Sephardic chief rabbi opposes death penalty for terrorists bill

JTA

Chief Sephardic Rabbi Yitzhak Yosef attending a conference in the city of Beit Shemesh, Israel, Jan. 13, 2016. (Yaakov Lederman/Flash90)

JERUSALEM (JTA) — Israel’s Sephardic Chief Rabbi Yitzhak Yosef said in his weekly address that he is opposed to a bill that would allow the death penalty for terrorists.

Yosef said he was concerned about a Jewish terrorist receiving a death sentence, and referred specifically to the Jewish extremists who firebombed a Palestinian home in the West Bank village of Duma, killing three people including an infant.

“He’ll need to get a death penalty verdict, he’ll deserve to die, but to die by the hands of heaven; he should get sick or be in a car crash,” Yosef said during his Saturday night lecture, Hadashot news reported.

“We are not the Sanhedrin (the biblical Jewish court). If there was a situation of a Jewish terrorist, killing them would be against Jewish law. This has nothing to do with the right and the left, it has to do with judgment.”

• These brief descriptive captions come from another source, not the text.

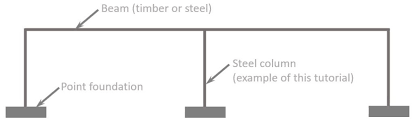 steel column design complete guide 2023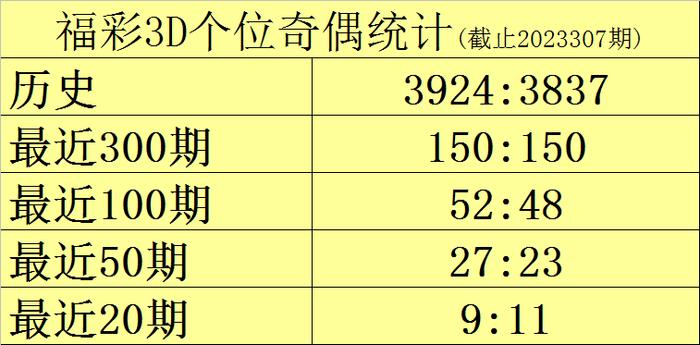 澳门一码一码精准预测与全面贯彻解释落实的重要性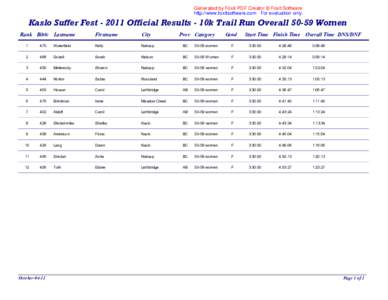 Generated by Foxit PDF Creator © Foxit Software http://www.foxitsoftware.com For evaluation only. Kaslo Suffer Fest[removed]Official Results - 10k Trail Run Overall[removed]Women Rank Bib#: Lastname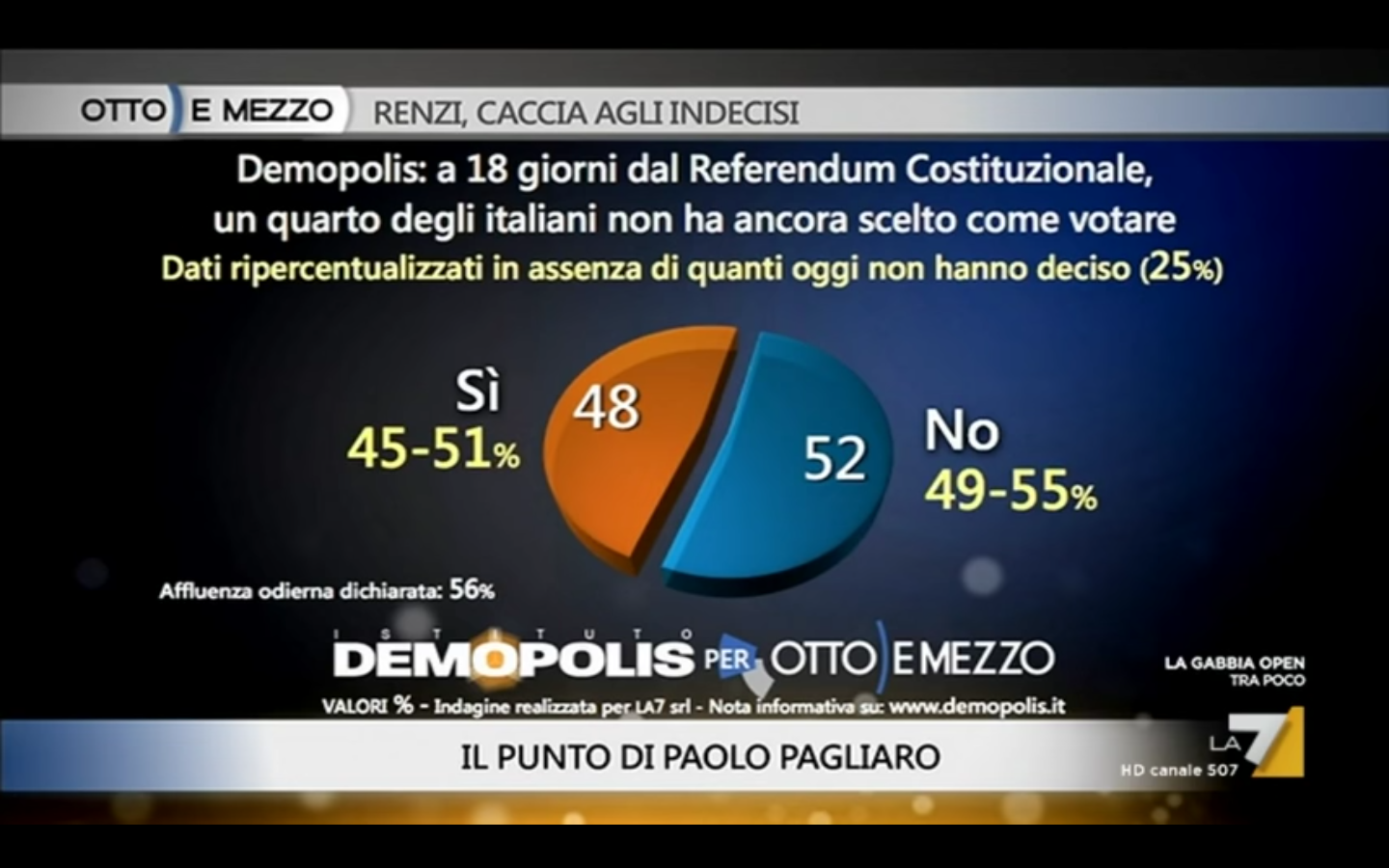 sondaggio Demopolis referendum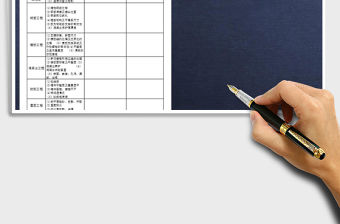 2022年建筑施工質量（過程質量）檢查表（全套）免費下載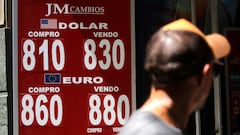 Precio del dólar en Chile hoy, 10 de marzo: tipo de cambio y valor en pesos chilenos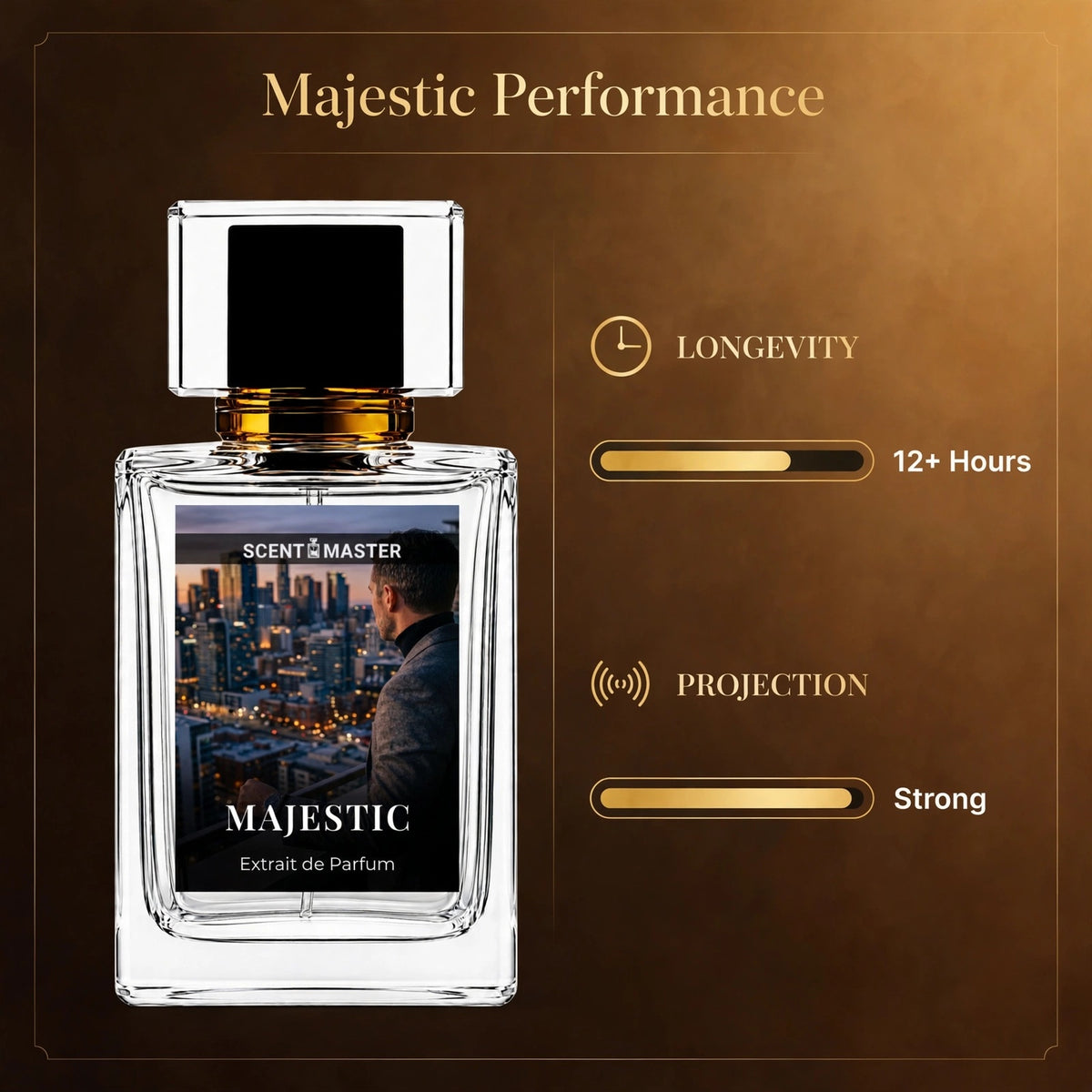 Majestic Perfume Performance Infographic Showing Longevity and Projection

Yosef also pointed out that security officials have expressed opposition to the legislation, saying that it could lead to the kidnapping of Jews around the world, who would then be used to exchange for terrorists on death row.

The legislation is backed by the Sephardic Orthodox Shas party, which was started by Yosef’s late father, Rabbi Ovadia Yosef.

The bill has passed a preliminary Knesset reading, but must still pass two further readings to become law.

Under the measure, a simple majority of judges, two in a panel of three, would be enough to sentence a terrorist to death. The bill also bans leniency after a final death sentence has been handed down.

Currently, a military court can impose the death penalty on a convicted terrorist only if the decision of the panel of judges is unanimous. It has never been employed.

The death penalty has been used in Israel once, in 1962 against Nazi leader Adolf Eichmann.